修改/etc/init.d/nagios启动文件,使其检测时显示详细内容。

    vim /etc/init.d/nagios +178
    checkconfig)
                    printf "Running configuration check..."
                   $NagiosBin -v $NagiosCfgFile > /dev/null 2>&1
                    if [ $? -eq 0 ]; then
                            echo " OK."
                    else
                            echo " CONFIG ERROR!  Check your Nagios     configuration."
                            exit 1
                    fi

例如:
我们将command.cfg定义的check_nrpe命令注释掉:
[iyunv@chboc objects]# tail -4 commands.cfg
#define command{
#        command_name    check_nrpe
#        command_line    $USER1$/check_nrpe -H $HOSTADDRESS$ -c $ARG1$
#        }
进行检测:
[iyunv@chboc objects]# /etc/init.d/nagios checkconfig
Running configuration check...
Nagios Core 3.5.1
Copyright (c) 2009-2011 Nagios Core Development Team and Community Contributors
Copyright (c) 1999-2009 Ethan Galstad
Last Modified: 08-30-2013
License: GPL

Website: http://www.nagios.org
Reading configuration data...
   Read main config file okay...
Processing object config file '/usr/local/nagios/etc/objects/commands.cfg'...
Processing object config file '/usr/local/nagios/etc/objects/contacts.cfg'...
Processing object config file '/usr/local/nagios/etc/objects/timeperiods.cfg'...
Processing object config file '/usr/local/nagios/etc/objects/templates.cfg'...
Processing object config file '/usr/local/nagios/etc/objects/services.cfg'...
Processing object config file '/usr/local/nagios/etc/objects/hosts.cfg'...
Processing object config directory '/usr/local/nagios/etc/services'...
Processing object config file '/usr/local/nagios/etc/services/web.cfg'...
   Read object config files okay...

Running pre-flight check on configuration data...

Checking services...
Error: Service check command 'check_nrpe' specified in service 'Disk Partition' for host 'lnmp' not defined anywhere!
Error: Service check command 'check_nrpe' specified in service 'blog_port_80_beidong' for host 'lnmp' not defined anywhere!
Error: Service check command 'check_nrpe' specified in service 'iostat' for host 'lnmp' not defined anywhere!
Error: Service check command 'check_nrpe' specified in service 'load' for host 'lnmp' not defined anywhere!
Error: Service check command 'check_nrpe' specified in service 'mem' for host 'lnmp' not defined anywhere!
Error: Service check command 'check_nrpe' specified in service 'swap' for host 'lnmp' not defined anywhere!
        Checked 9 services.
Checking hosts...
Warning: Host 'lamp' has no services associated with it!
        Checked 2 hosts.
Checking host groups...
        Checked 1 host groups.
Checking service groups...
        Checked 0 service groups.
Checking contacts...
        Checked 1 contacts.
Checking contact groups...
        Checked 1 contact groups.
Checking service escalations...
        Checked 0 service escalations.
Checking service dependencies...
        Checked 0 service dependencies.
Checking host escalations...
        Checked 0 host escalations.
Checking host dependencies...
        Checked 0 host dependencies.
Checking commands...
        Checked 24 commands.
Checking time periods...
        Checked 5 time periods.
Checking for circular paths between hosts...
Checking for circular host and service dependencies...
Checking global event handlers...
Checking obsessive compulsive processor commands...
Checking misc settings...

Total Warnings: 1
Total Errors:   6

***> One or more problems was encountered while running the pre-flight check...

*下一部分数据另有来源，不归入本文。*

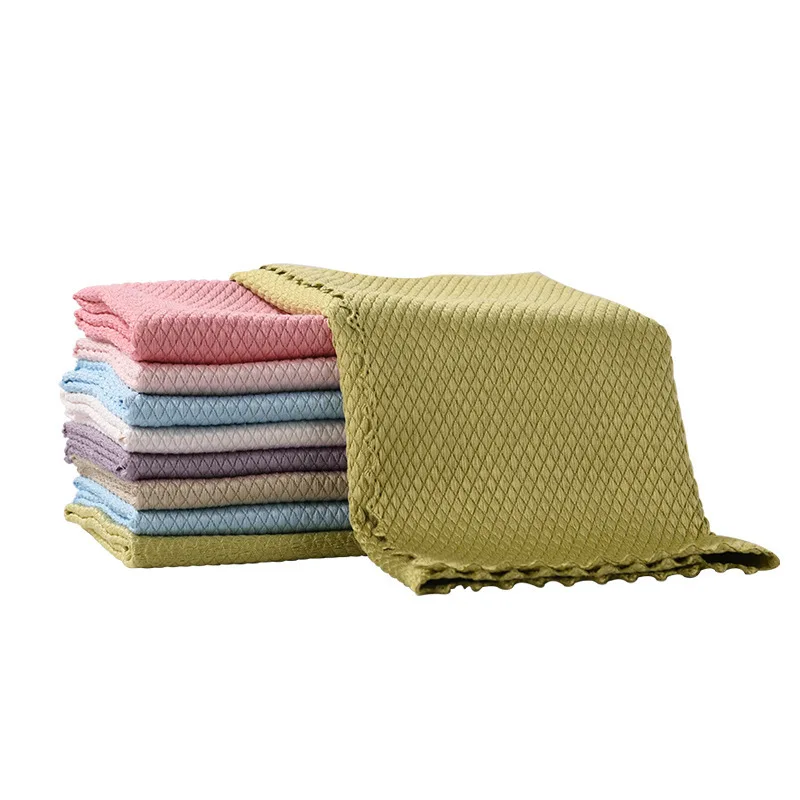 Commercial Kitchen Towels - 5 pcs Household Cleaning Products Cloth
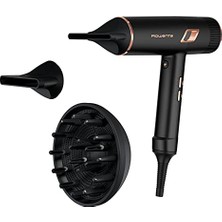 Cekar Store Rowenta CV9920 Ultimate Experience Maestria Saç Kurutma Makinesi, 2000 Watt, 6 Ayar, Ultra Hafif, Uzun Parlaklık, Soğuk Hava Düğmesi, 5 mm + 9 mm Konsantre, Hacim Difüzörü, Siyah/bakır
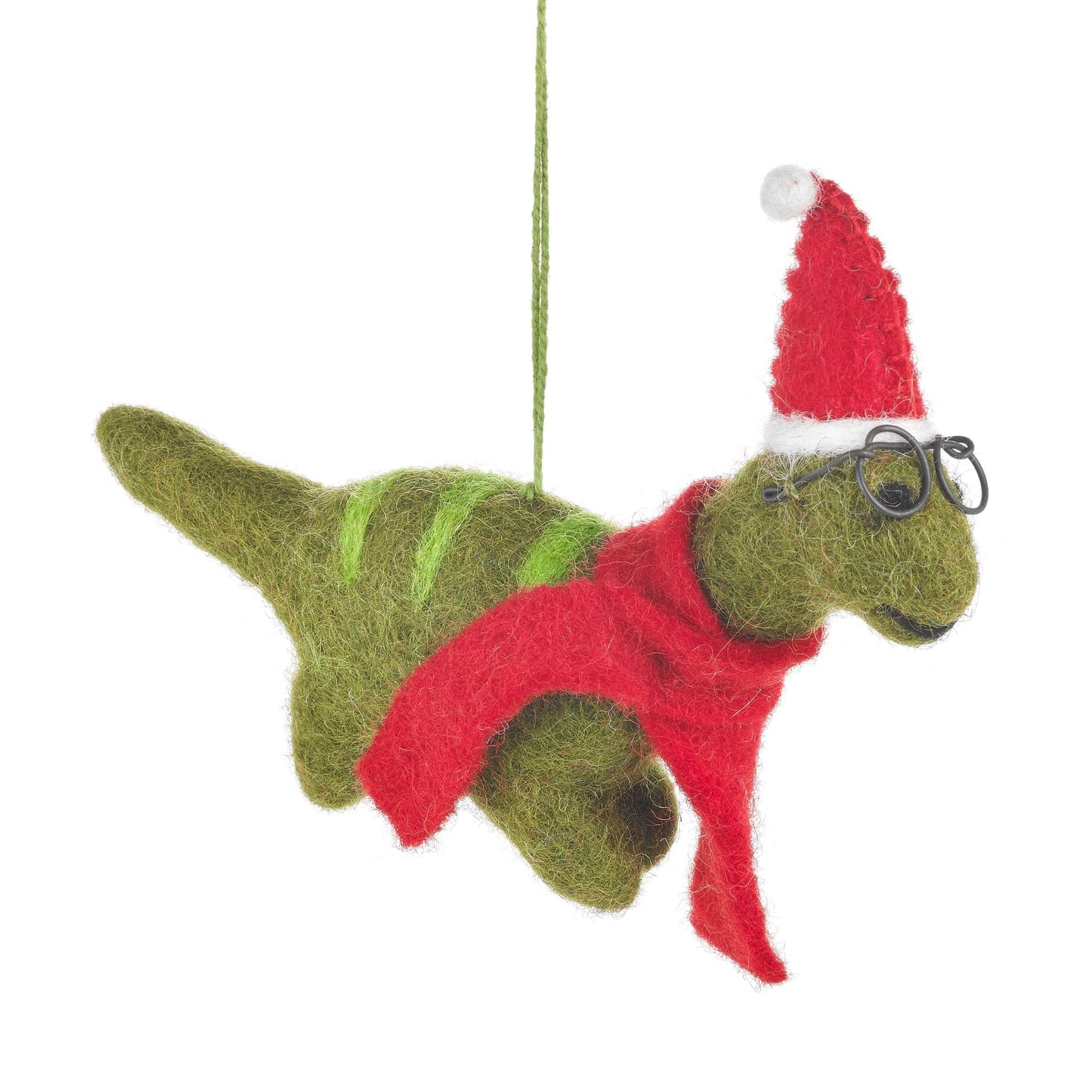 Christmas Dinosaur Needle Felt Christmas Tree Decoration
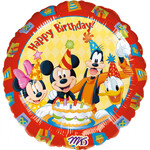 Balon foliowy Happy Birthday  Myszka Miki i przyjaciele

     Check your configuration file(s) to ensure that they contain valid
     directives and data defintions.  If you are upgrading from a previous
     version of Nagios, you should be aware that some variables/definitions
     may have been removed or modified in this version.  Make sure to read
     the HTML documentation regarding the config files, as well as the
     'Whats New' section to find out what has changed.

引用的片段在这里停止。